Photo Credit: The Battery Factory
Each of the premieres in the Battery Factory’s “Tessellate 2017" festival of experimental performance incorporated elements of dance and theater. Two were conceived by dance artists. Joelle Worm is a member of Danceworks Performance Company, director of the process-oriented Field Milwaukee and a performer with the dance and music improvisation group Hyperlocal MKE. Maria Gillespie is co-director of Hyperlocal MKE, of the interdisciplinary performance workshop The Collaboratory and assistant professor of dance at UW-Milwaukee’s Peck School of the Arts.
The festival required that the works be short, technically simple and responsive to the theme of exile. Day After Night , Anita Diamant’s novel about a Holocaust survivor in a British detainee camp in Israel awaiting placement, inspired the wordless piece by Worm and Milwaukeean Mindy Zarem. One could spend a lifetime trying to embody that experience, but this is a worthy start. Confinement, the loss of all but a suitcase of old items, the waiting and the crazy-making grief—beautifully expressed in Zarem’s emotionalism and Worm’s contrasting mentation—were clearly conveyed in movement. The idea of release, expressed in a game with clothesline and clothes, was less so, and the final use of blank paper to represent stepping stones to a new life, while a nice idea, felt inadequate to the context.

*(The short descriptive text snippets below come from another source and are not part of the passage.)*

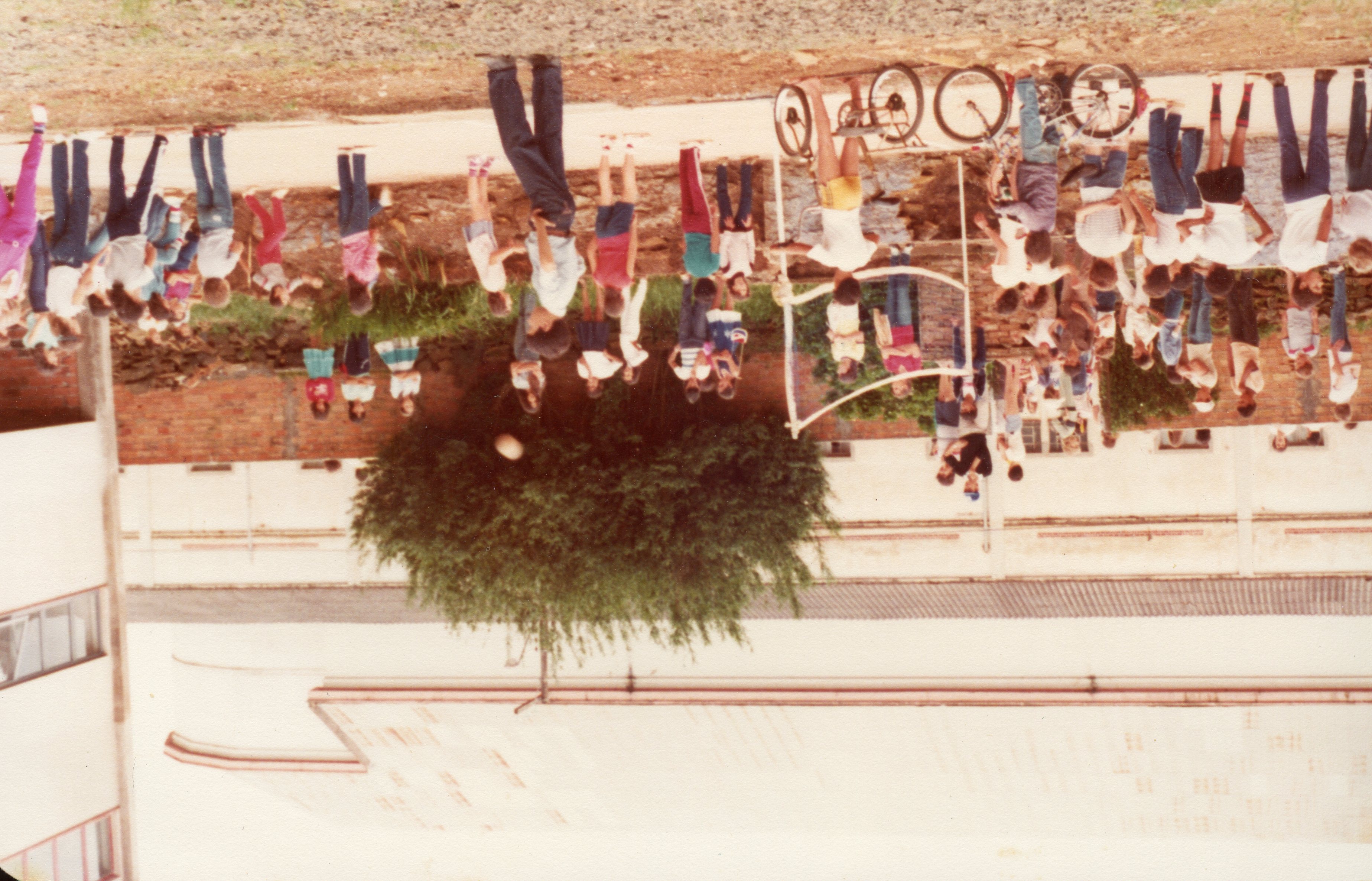 Uma fotografia colorida, orientada verticalmente, que captura um grupo de crianças e jovens reunidos em uma área externa, possivelmente um pátio escolar ou recreativo. A cena sugere uma atividade de lazer ou evento comunitário, com a presença de bicicletas e roupas típicas das décadas de 1980 ou 1990, refletindo um ambiente cotidiano de uma cidade brasileira.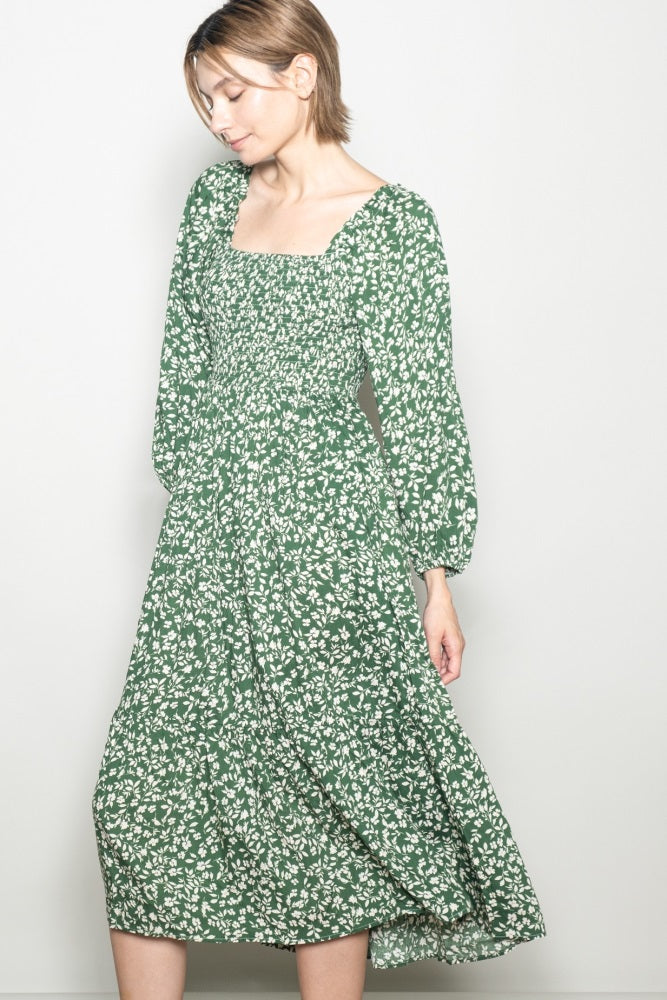 woman wearing a green floral long sleeve midi dress with a square neckline and relaxed fit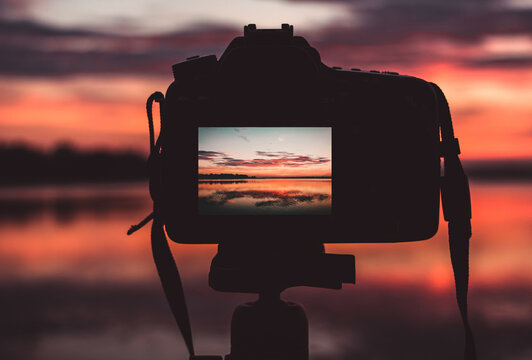 beautiful sunset over the lake. photographing a bloody sunset over a calm lake. camera on a tripod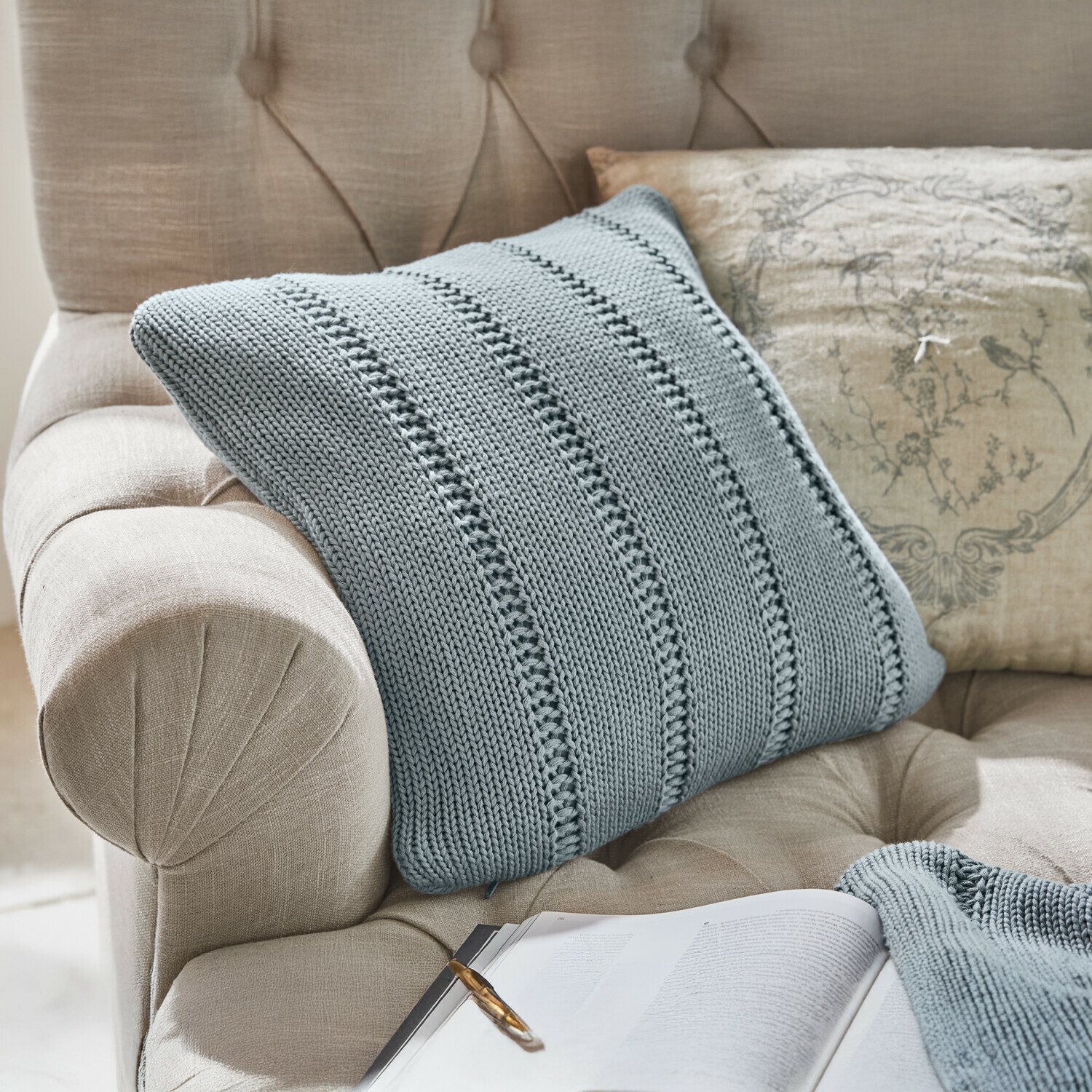 Copricuscino Lémeré Poltrona beige imbottita in tessuto con schienale capitonné, coperta lavorata a maglia grigia e cuscino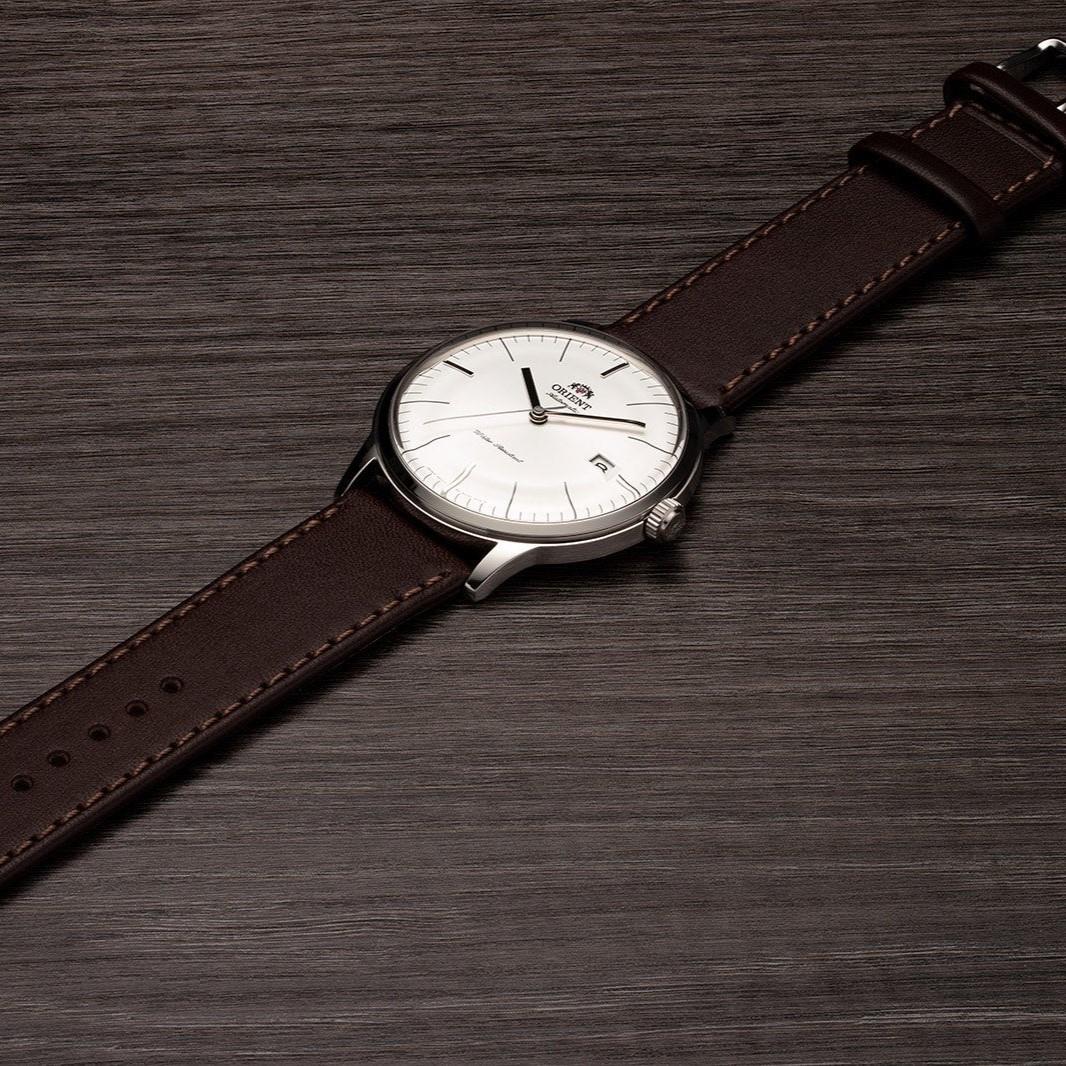 Men's automatic wrist watch on brown leather strap with white dial and slim silver case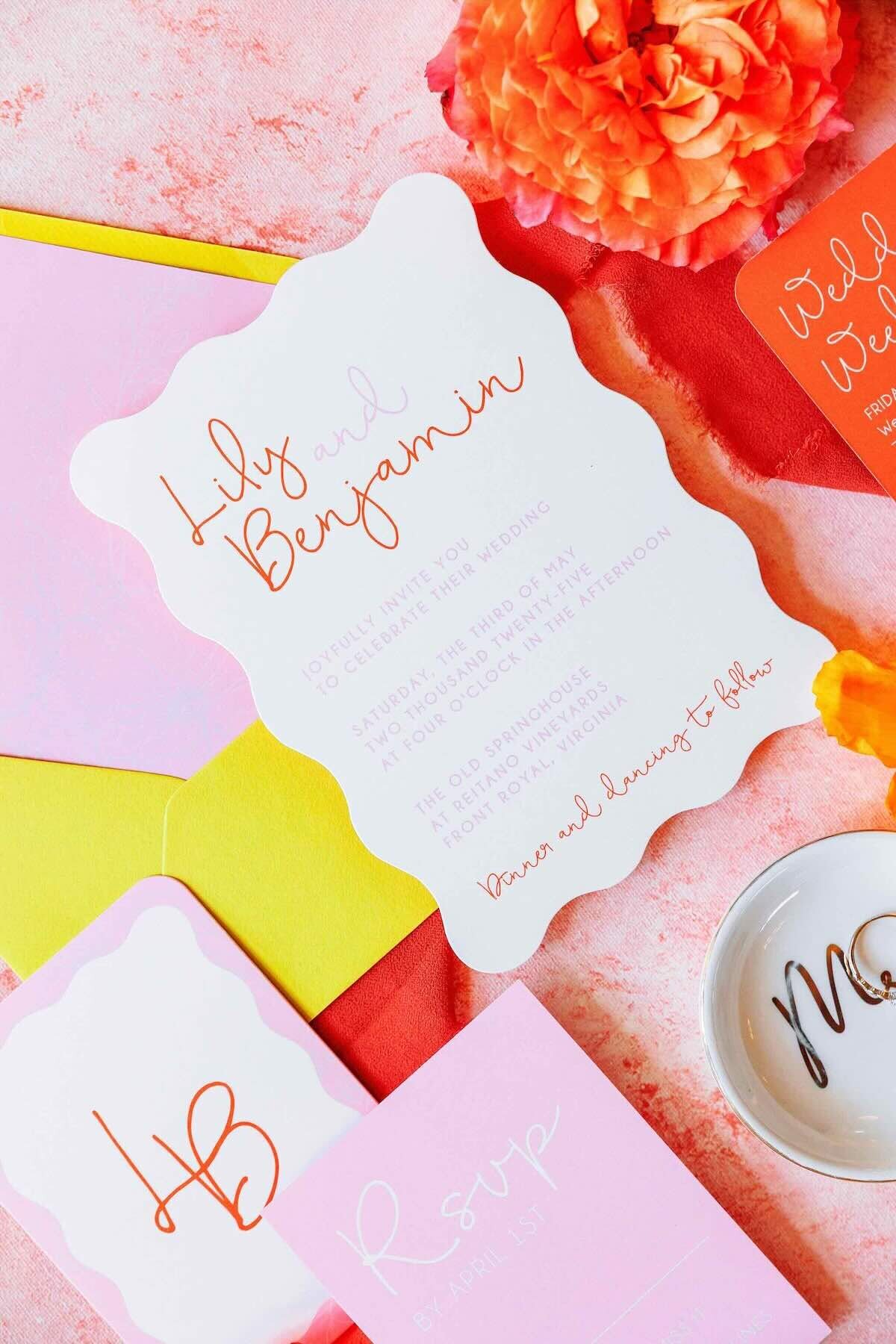 Playful invitation flatlay in pink, orange, and yellow with scalloped edges and bold pops of color.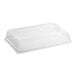 A clear plastic high dome lid over a white object.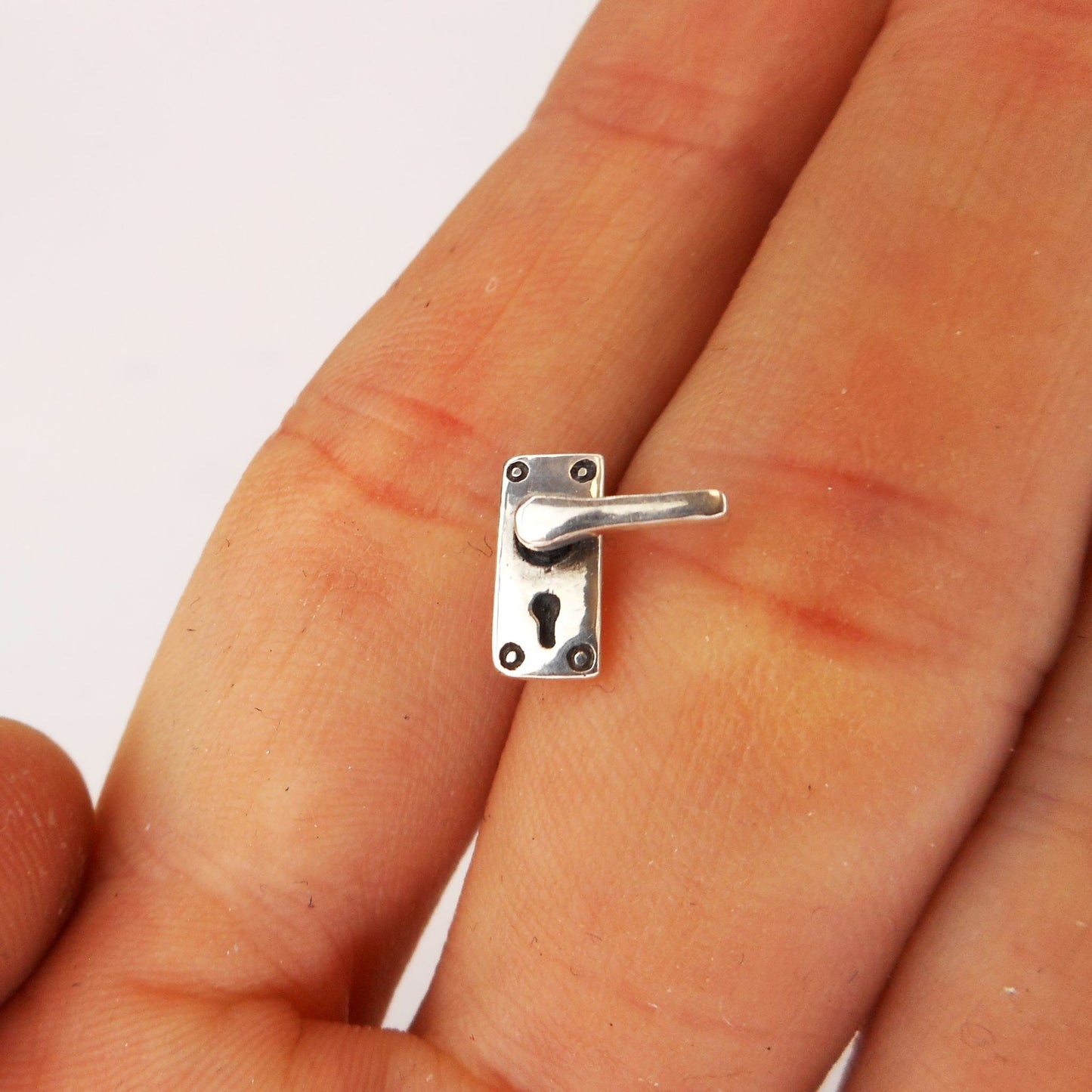 A photo of a miniature silver door handle, between two fingers of a hand.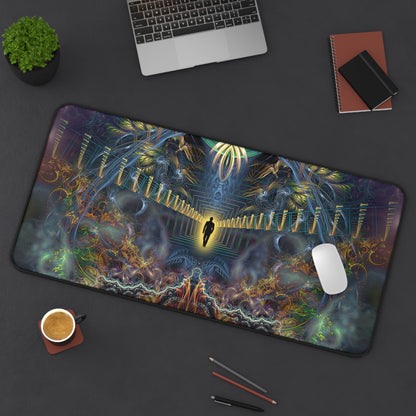 The "Heightened Stroll" desk mat on a dark desk with a laptop, notebook and coffee cup.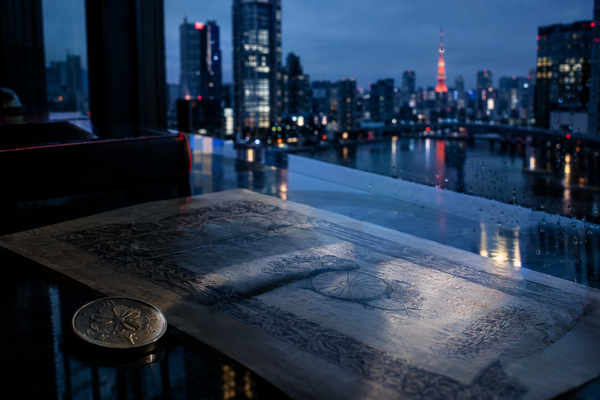 Tokyo skyline and a yen coin beside a Japanese bond certificate in blue-hour light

tres historias y…not one love song , created and performed by Gillespie, Nguyễn Nguyên and Eric Speth deserves a long life. If it were a visual artwork at MAM, I’d keep visiting it. Extremely well made, its great strength is its honesty. It’s about being/feeling foreign, and it sticks to the facts of these artists’ lives. It’s also about the ties created by collaboration which it, in fact, beautifully, humbly demonstrates. People with different histories and preoccupations join hearts and minds to make something personal and valuable, then go their separate ways.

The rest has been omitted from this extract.